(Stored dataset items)
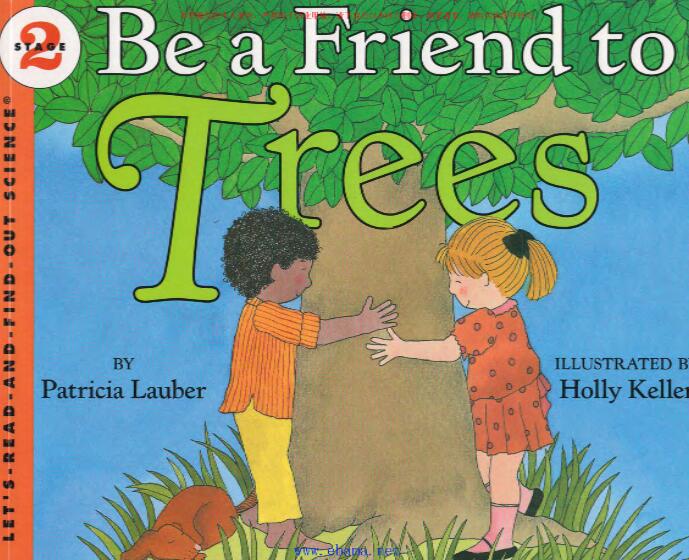 《Be a friend to trees》科普类英语绘本pdf资源免费下载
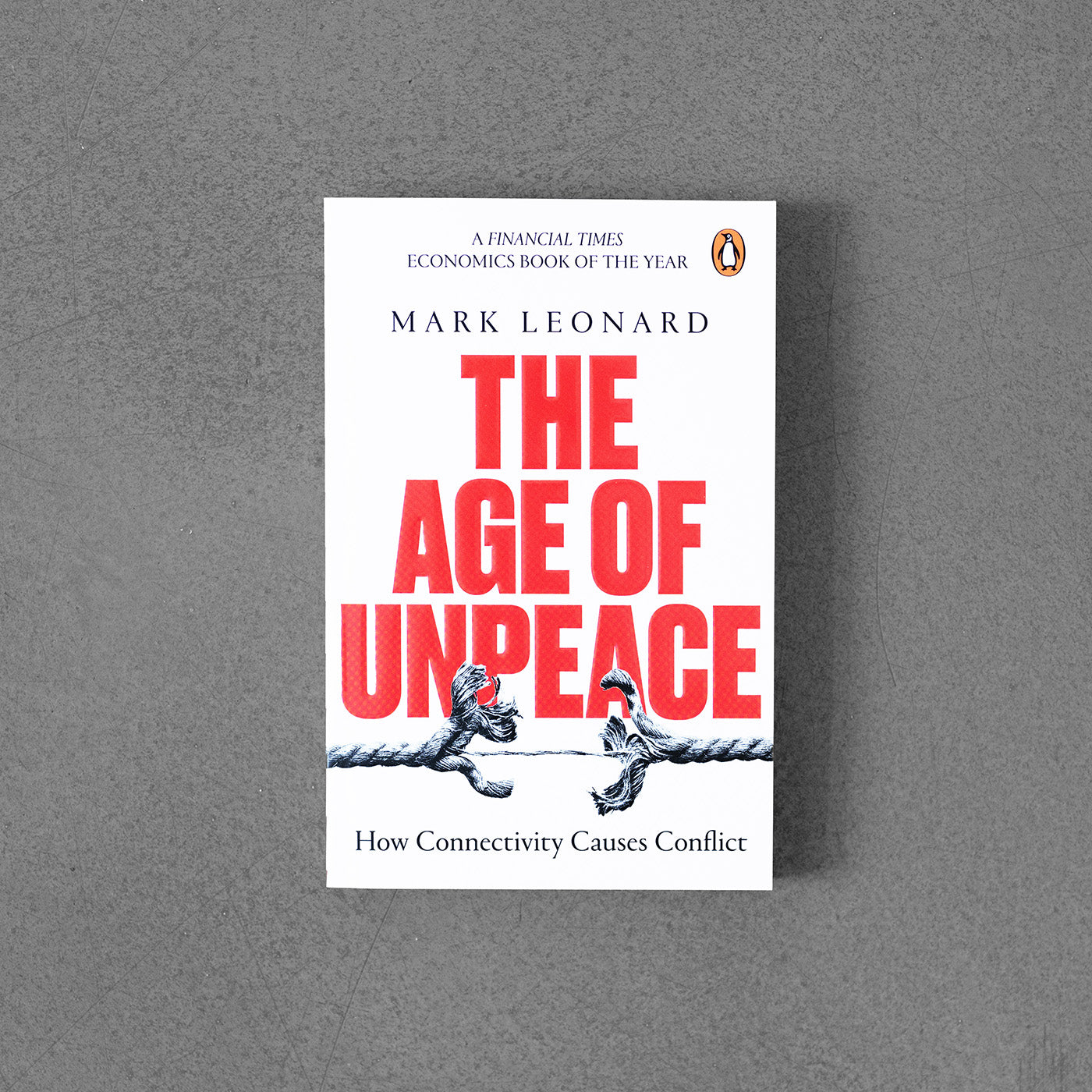 Age of Unpeace: How Connectivity Causes Conflict – Mark Leonard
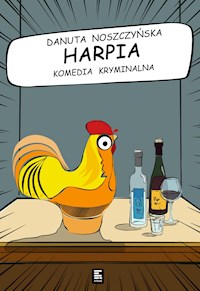 Harpia - Danuta Noszczyńska - ebook + audiobook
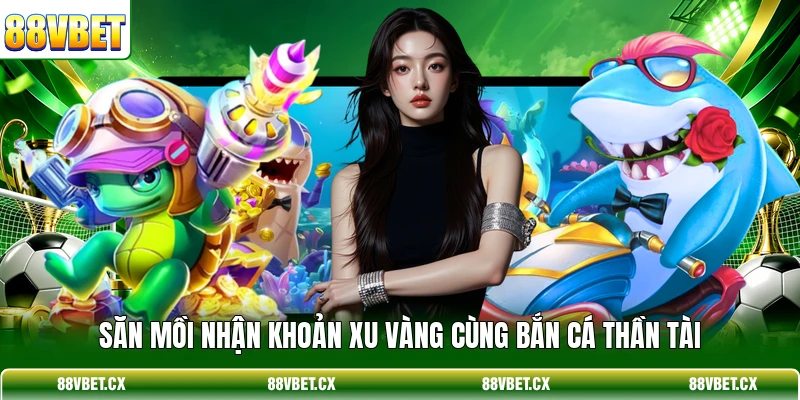 Săn mồi nhận khoản xu vàng cùng Bắn Cá Thần Tài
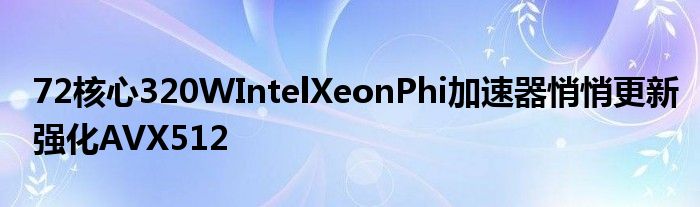 72核心320WIntelXeonPhi加速器悄悄更新强化AVX512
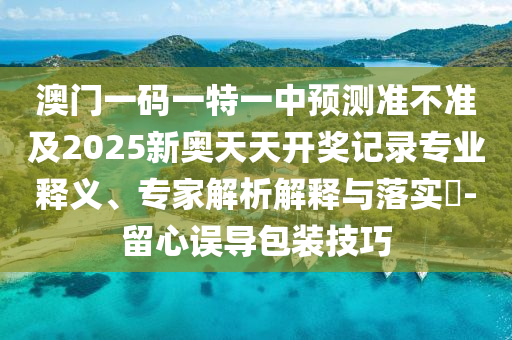 澳門一碼一特一中預測準不準及2025新奧天天開獎記錄專業釋義、專家解析解釋與落實?-留心誤導包裝技巧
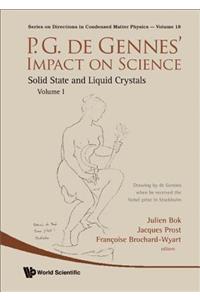 P.G. de Gennes' Impact on Science - Volume I: Solid State and Liquid Crystals
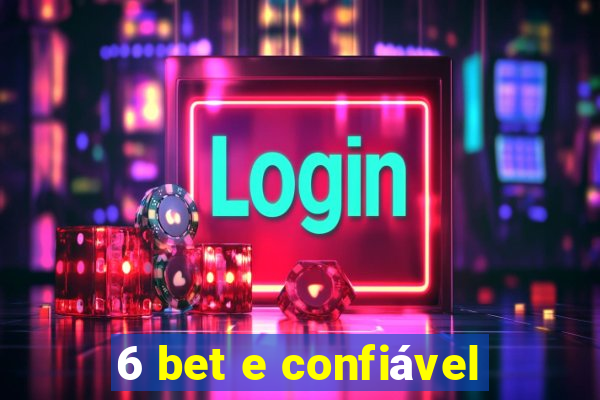 6 bet e confiável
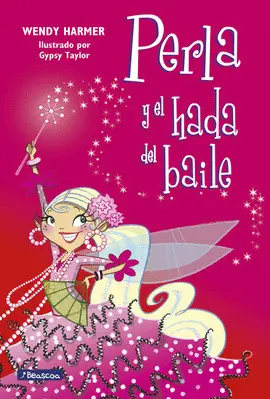 PERLA Y EL HADA DEL BAILE (PERLA 15)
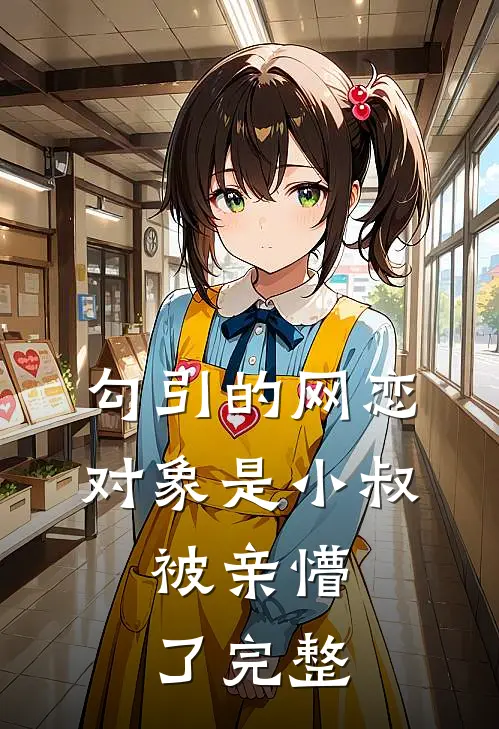勾引的网恋对象是小叔，被亲懵了完整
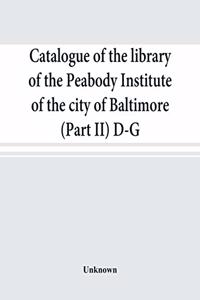 Catalogue of the library of the Peabody Institute of the city of Baltimore (Part II) D-G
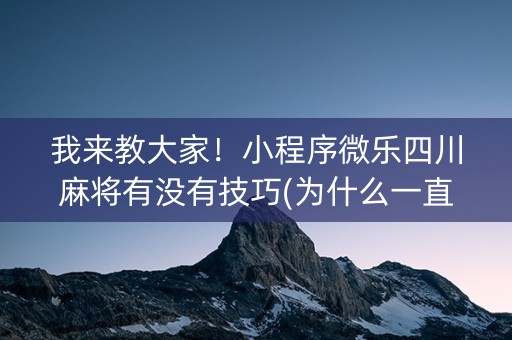 我来教大家！小程序微乐四川麻将有没有技巧(为什么一直输)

* _WHAT YOU HAVE TO DO_:
An exact, image-free transcription of all the records above is needed.

* _TASK OUTPUT_:
 《Be a friend to trees》科普类英语绘本pdf资源免费下载
 Age of Unpeace: How Connectivity Causes Conflict – Mark Leonard
 Harpia - Danuta Noszczyńska - ebook + audiobook
 Săn mồi nhận khoản xu vàng cùng Bắn Cá Thần Tài
 72核心320WIntelXeonPhi加速器悄悄更新强化AVX512
 澳門一碼一特一中預測準不準及2025新奧天天開獎記錄專業釋義、專家解析解釋與落實?-留心誤導包裝技巧
 P.G. de Gennes' Impact on Science - Volume I: Solid State and Liquid Crystals
 6 bet e confiável
 PERLA Y EL HADA DEL BAILE (PERLA 15)
勾引的网恋对象是小叔，被亲懵了完整
 Catalogue of the library of the Peabody Institute of the city of Baltimore (Part II) D-G
 我来教大家！小程序微乐四川麻将有没有技巧(为什么一直输)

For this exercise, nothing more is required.